Wyndham’s Theatre in London
Charles Wyndham had always thought of building a theatre of his own and through the esteem thought of him by a patron and the financial trust of friends, he was able to bring to fruition his dream when Wyndham’s Theatre, designed by W G R Sprague opened in Aldwych Road on 16th November 1899, with the Prince Of Wales present. The first play performed here was a revival of T W Robertson’s David Garrick.
In 1910 Gerald du Maurier began an affiliation with the theatre which was to last for fifteen years and would include the stage debut of screen goddess Tallulah Bankhead. Du Maurier’s daughter, Daphne, frequently watched her father perform from the wings and thirty years later, on the same stage, she would put on her play, The Years Between.
In January 1954 a small-scale musical medley, which was originally from the small Players Theatre came here. Sandy Wilson’s The Boy Friend ran for 2078 performances ahead of transferring to Broadway. In the sixties and early seventies, the theatre provided a setting for theatre greats such as Alec Guinness, Vanessa Redgrave and Diana Rigg. Arriving in 1972 was Godspell, with the original cast including David Essex, Marti Webb, Jeremy Irons, Julie Covington.

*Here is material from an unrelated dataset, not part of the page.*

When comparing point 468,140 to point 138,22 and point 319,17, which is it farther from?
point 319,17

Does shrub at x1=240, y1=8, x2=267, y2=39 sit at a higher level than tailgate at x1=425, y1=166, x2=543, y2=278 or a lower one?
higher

More recent times have seen, many discerned productions, including the world premiere of Arthur Miller’s The Ride Down Mount Morgan and the British premiere of Edward Albee’s Three Tall Women. Twenty-five years after her stage debut here, Diana Rigg returned to play Medea in a successful season.
Art, the critically acclaimed comedy, began its record-breaking run in 1996 with Albert Finney, Tom Courtenay and Ken Stott. Madonna made her West End debut at Wyndham’s performing in a sell-out production of Up For Grabs.